Which means that there are a lot more of these yet to discover. Cool.

...And right after I posted this, Michele Bannister pointed out to me that Sheppard and Trujillo have also found another new object, 2013 FZ27. It's not as bright as FY27 but, at magnitude 4.1, it's highly likely to be a dwarf planet, and in the top 30 brightest trans-Neptunians. Our picture of the solar system changes every day!

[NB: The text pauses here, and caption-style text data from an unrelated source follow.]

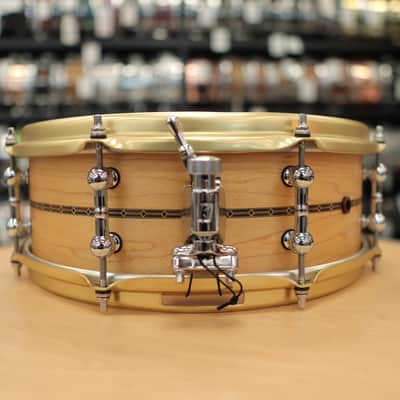 Like-New Tama Star Reserve 5x14" Solid Maple Snare Drum (Oiled Natural Maple) image 10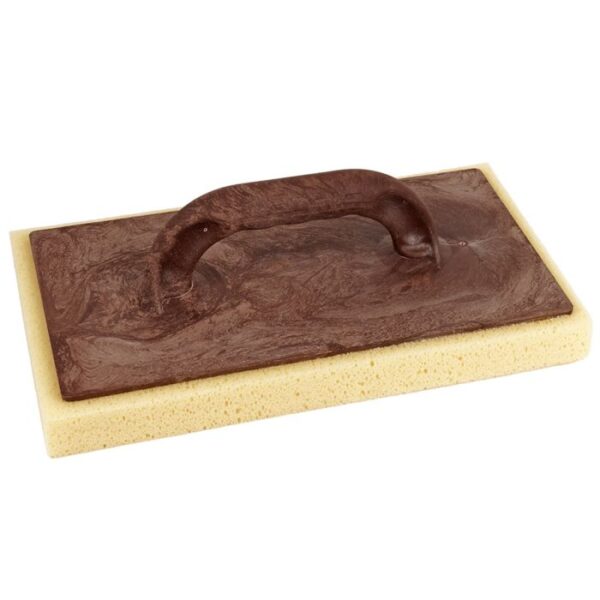 Super Prof schuur/schoonmaakspons kunststof 340x200x30mm KG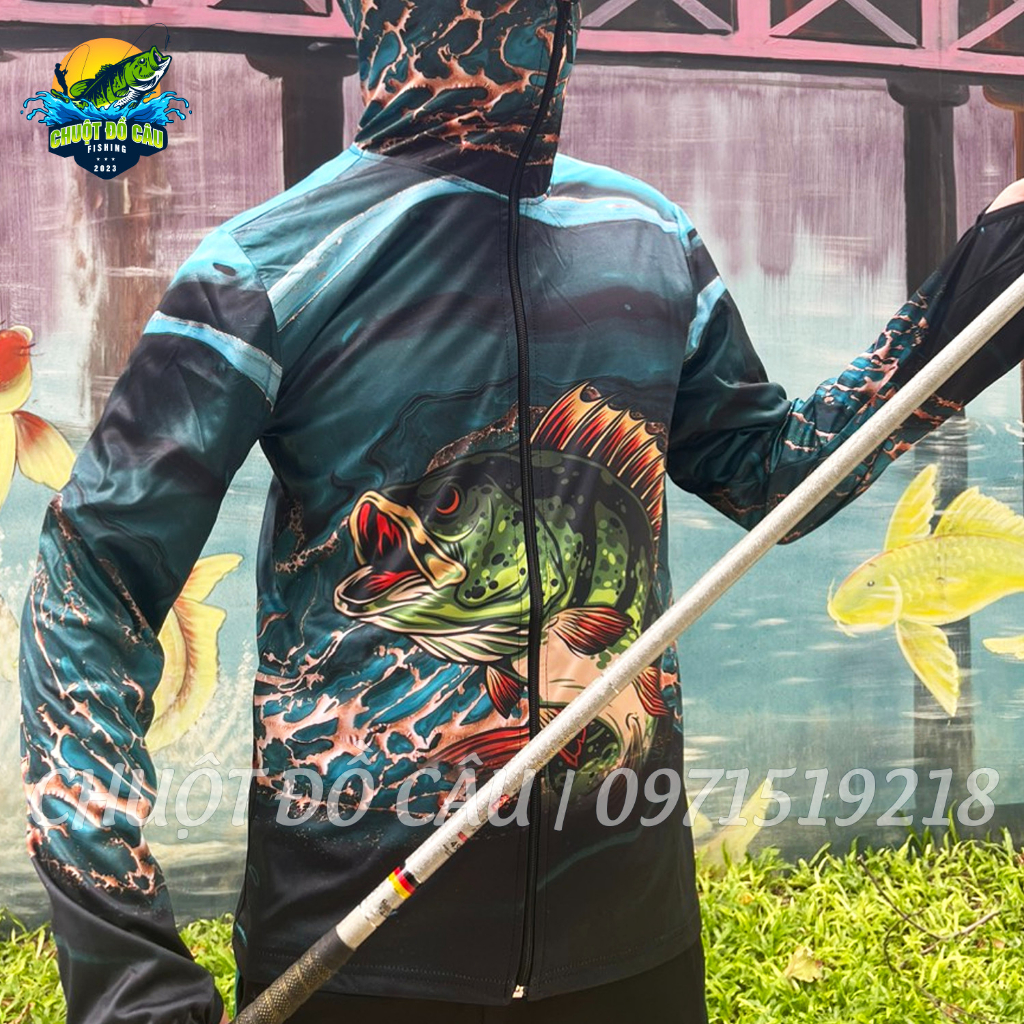 Áo khoác câu cá Phải Biết Câu Cơ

 *Note: 2013 FY27 has just been automatically added to Mike Brown's list of potential dwarf planets. It's listed with an estimated diameter of only 761 kilometers, but that assumes an albedo of 15%, and if you compare to all the other bodies with similar absolute magnitudes on the list, you'll see that they're darker than that. Assuming an albedo of 9%, like Varda, gives you a diameter closer to 950, and if it's as dark as Salacia, it could be as big as 1500 kilometers. So I think 900 is a conservative estimate here.

 
See other posts from April 2014

 

Or read more blog entries about: trans-neptunian objects, explaining science, dwarf planets beyond Neptune

Comments:

Stephen Uitti: 04/02/2014 11:32 CDT

I've heard you need to characterize the orbit (and maybe other stuff) before the IAU will let you name the object. For 2012 VP113, the estimated orbit takes 4200 years, so 10% is 420 years, give or take. Astronomers used a time machine for Eris. They found a prediscovery image from the 1950s. It would be quicker to land a beacon on it, assuming that'd be enough. HST images can have 10 times the resolving power of a 5 m ground based scope. But if it could be done with 1% of an arc, that's still 42 years. It could be awhile.

Laurel Kornfeld: 04/02/2014 05:56 CDT

Even if 2013FY27 is 761 km in diameter, it is clearly beyond the threshold for hydrostatic equilibrium and therefore yet another small planet. It's looking like Dr. Alan Stern has the most accurate understanding of our solar system as one that could have up to 900 planets! As technology improves and as more of these small planets come to perihelion, it is inevitable that more will be discovered.

Kevin Heider: 04/02/2014 06:33 CDT

I would like to know why Mike Brown is using a dimmer value for absolute magnitude (H) than the MPC. VP113: MPC=4.0, Brown=4.4. FY27: MPC=3.0, Brown=3.3.

DrKrypton: 04/03/2014 08:52 CDT

Put sattelites around them or on them.

Lionel: 04/08/2014 07:43 CDT

A really delightful fortnight of discoveries in our solar system! Biden, rings around Chariklo, FY27 and not least the underground sea inside Enceladus Also, @Mike Wrathell put things very well - very much agreed with all points he made about the IAU's 2006 decision. Not just is it messed up that a dwarf star is a star and a dwarf galaxy is a galaxy but a dwarf planet not a planet, but also as the definition sits a rogue planet is also not a planet, and a Planet X of any size that we find beyond Neptune will not be a planet either, even if it's a super earth or gas giant. The naming system really doesn't serve Anyway congratulations to all involved in the science work that's led to these latest discoveries!

Chang: 04/10/2014 07:48 CDT

Should that be the TENTH "brightest object beyond Neptune" rather than the ninth? I think you omit Charon from your list.